Extract Speech
You can use CFS and Media Server to extract speech from audio and video.
When you index audio and video files, KeyView extracts metadata but cannot process the content. The documents produced by CFS therefore have no content. To enrich these documents, you can send the audio and video files to a Media Server. Media Server can extract speech from the audio and add a transcription to the document content.
To extract speech, use the MediaServerAnalysis
import task in CFS. For this task, you must identify documents that require speech-to-text processing, and then CFS sends these documents to Media Server. You can use a Media Server configuration to determine the analysis tasks to run, for example if you want to run speech-to-text and speaker identification on the document.
When you use CFS and Media Server to extract speech, Media Server returns the transcription to CFS, which adds the transcription to the document content.
NOTE: Media Server runs all the configured tasks on your input document in parallel.
If you want to use the result of one media analysis task in another, you might need to use Lua functions to run the tasks. For example, if you want to run language identification to determine the language to use for speech-to-text transcription, you must use a Lua function to run the tasks one after the other.

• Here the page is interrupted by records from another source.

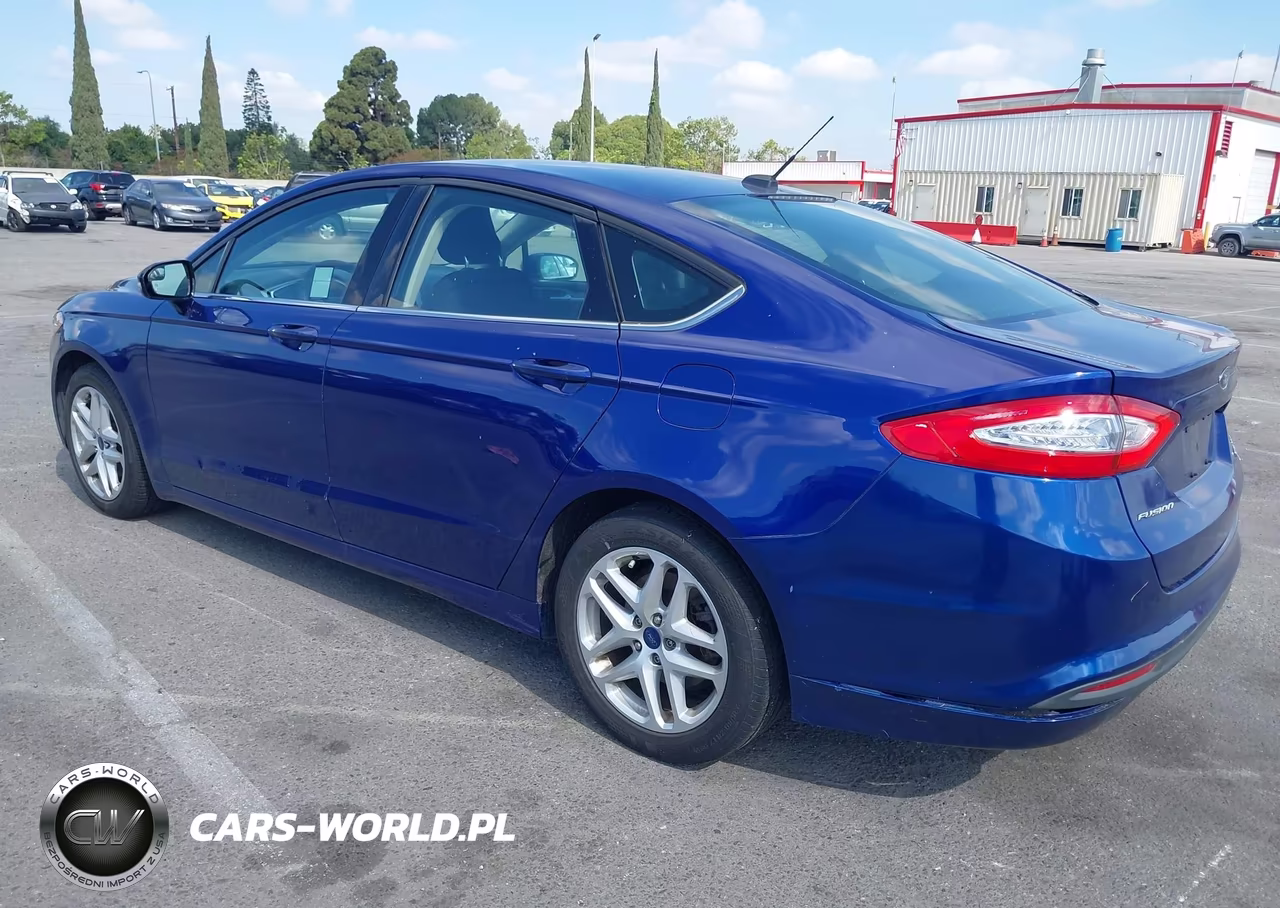 2014 Ford Fusion Se VIN:3FA6P0HD6ER378754 - 3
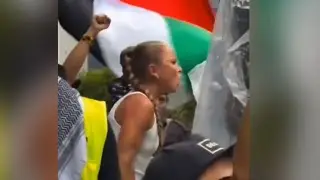&lsquo;Educate yourself&rsquo;: Grace Tame called out for using her platform to chant foul messages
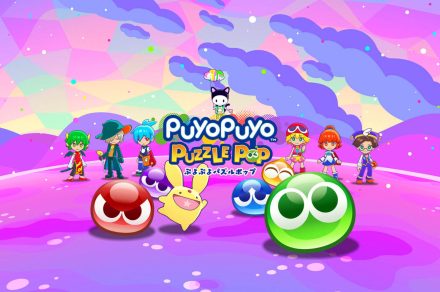 Puyo Puyo Puzzle Pop is a great mobile version of a classic series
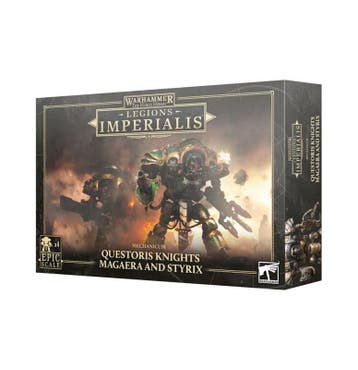 Questoris Knights Magaera or Styrix (Warhammer Age of Sigmar, Ophalen of Verzenden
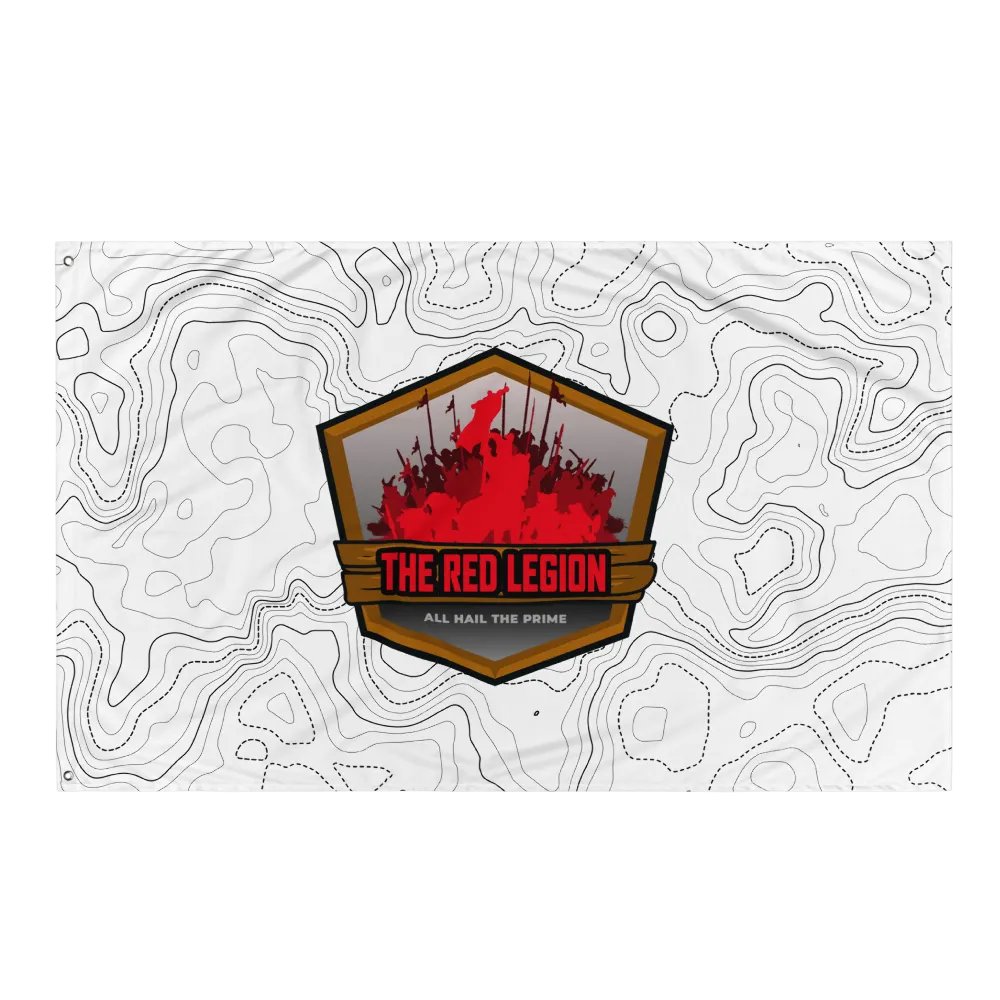 The Red Legion Flag product image (3)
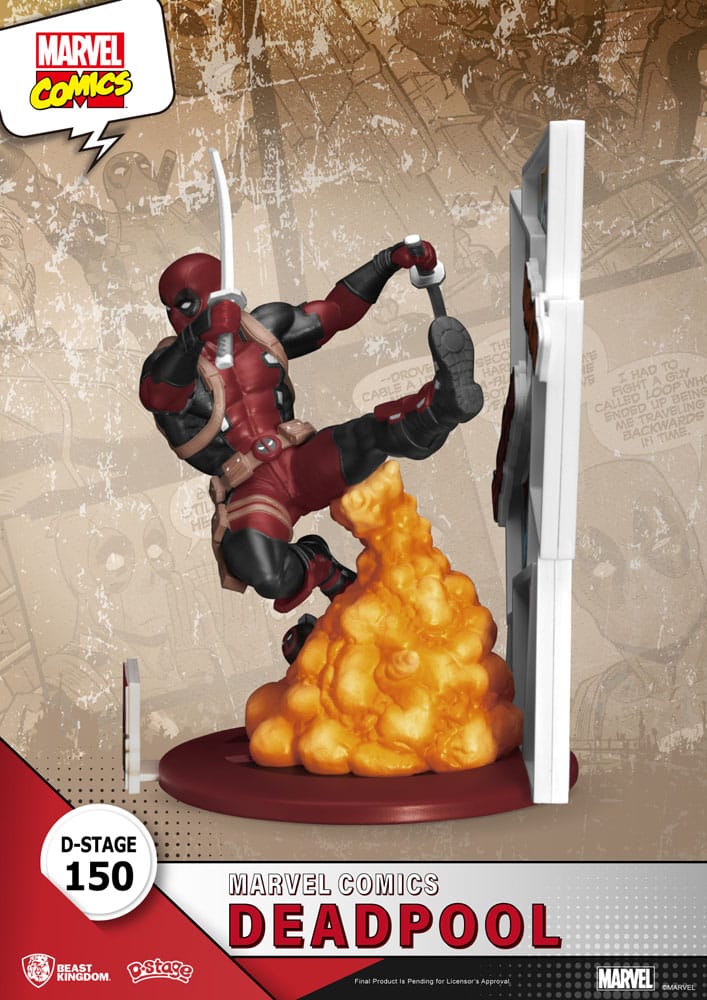 Marvel D-Stage PVC Diorama Deadpool 16 cm Image 3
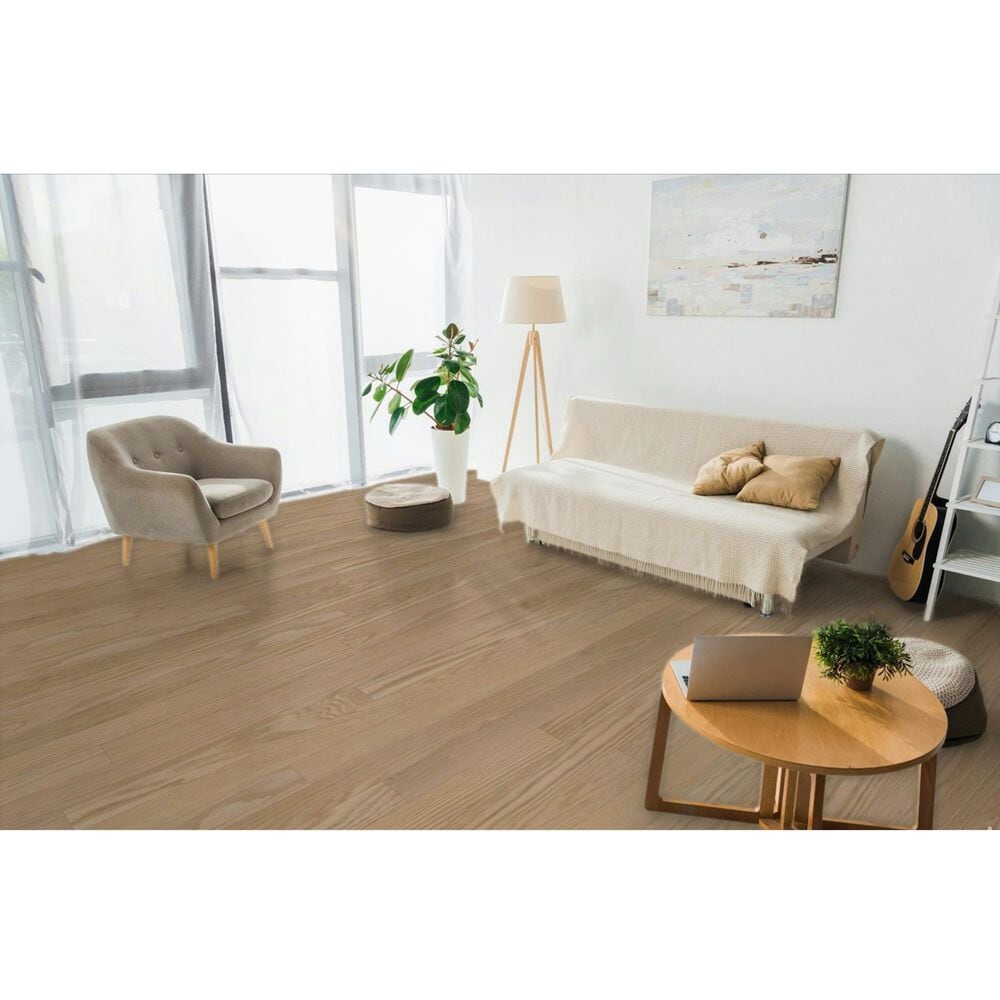 Lauzon Expert Pure 5 3/16&quot; Fjord Red Oak Engineered Hardwood, , large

For more information about how to configure Media Server analysis tasks, refer to the CFS Administration Guide.
Identify Documents to Process
CFS only runs media analysis (including extracting speech) from documents that have the AUTN_NEEDS_MEDIA_SERVER_ANALYSIS
field. You must add this field to any document that you want to process.
Micro Focus recommends that you add this field using a Lua script. You can include conditions in the script to filter documents based on the document source, file type, or metadata extracted by KeyView.